Cruddas launches deputy leadership bid
Dagenham MP Jon Cruddas formally launched his campaign for the deputy Labour leadership last night, promising to reconnect the party with its grassroots supporters.
The former Downing Street aide said Labour must return to its roots and concentrate on people’s concerns about housing, jobs and pay, and unequal access to public services.
“It is the ground that Labour has always stood on. Unless we rebuild a movement to do so again the consequences for the party and the country are severe,” he said.
The backbench MP joins Northern Ireland secretary Peter Hain and constitutional affairs minister Harriet Harman in the race for John Prescott’s job, and Jack Straw and Alan Johnson are also expected to throw their hats into the ring.
Mr Cruddas insists he has no interest in becoming deputy prime minister, but says the deputy leader should concentrate on reinvigorating the Labour party from the bottom up and improving membership, which has halved from 400,000 to 200,000 since 1997.
“As it stands, the party is not ready to fight the next general election,” Mr Cruddas told an audience at Dagenham and Redbridge football club.
He said: “Change needs to happen across the board – we need a new agenda for involving activists. We need to start being more open when we make policies. We need to reconnect local Labour parties with local trade union branches.

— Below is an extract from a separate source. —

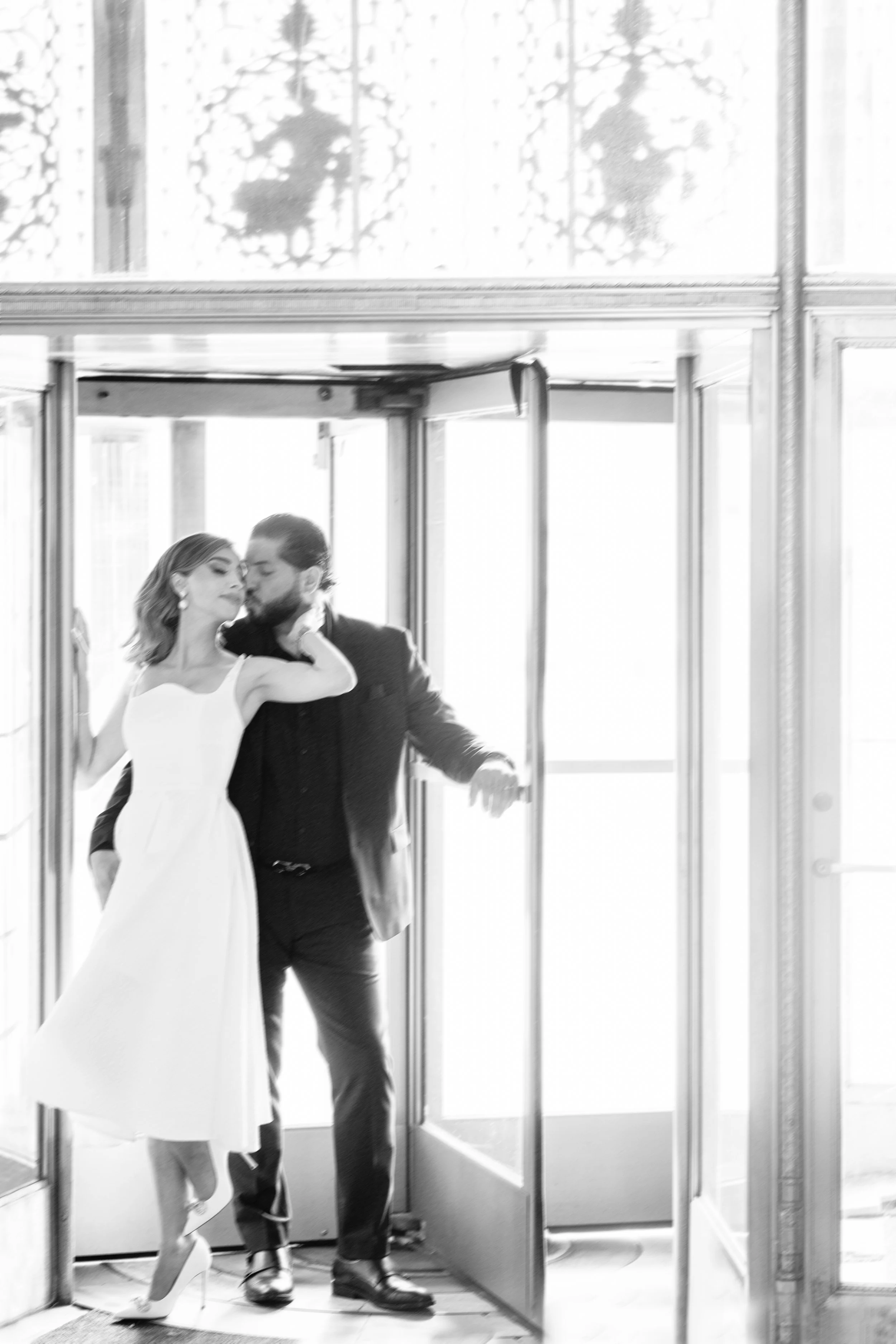 A couple sharing a kiss in an open-door entrance, with the woman wearing a white dress and high heels, and the man in a dark suit, in black and white photography.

“And most importantly, we need get the party back involved in local communities, campaigning with local people on the issues that matter.”

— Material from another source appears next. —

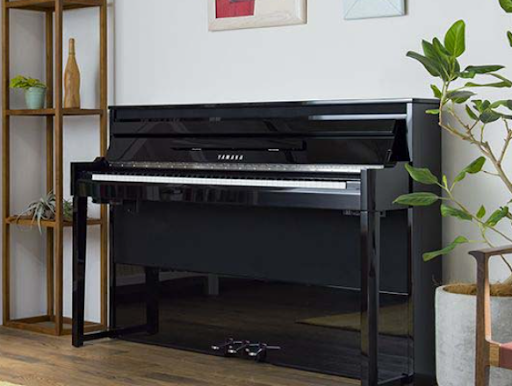 Đàn piano điện có giá thành mềm hơn piano cơ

Mr Cruddas said the Labour government had achieved much in the past nine years, but had to set out a vision for the future that was honest about the concerns of many Britons.
In particular, it must admit that the wars in Iraq and Afghanistan had “reinforced a sense of insecurity, fear and isolation within some of our own communities”.
He suggested ministers were being irresponsible in their recent criticism of the Muslim veil, saying: “The solution does not lie in an ever more muscular bidding war amongst politicians to demonstrate who can be tougher on migrants, asylum seekers and minorities.
“Nor is it in using racial or religious symbols to create controversy. That only makes the situation worse.
“It is not the role of politicians to play fast and loose with symbols of difference, especially when they drive the political centre of gravity to the right as a consequence.”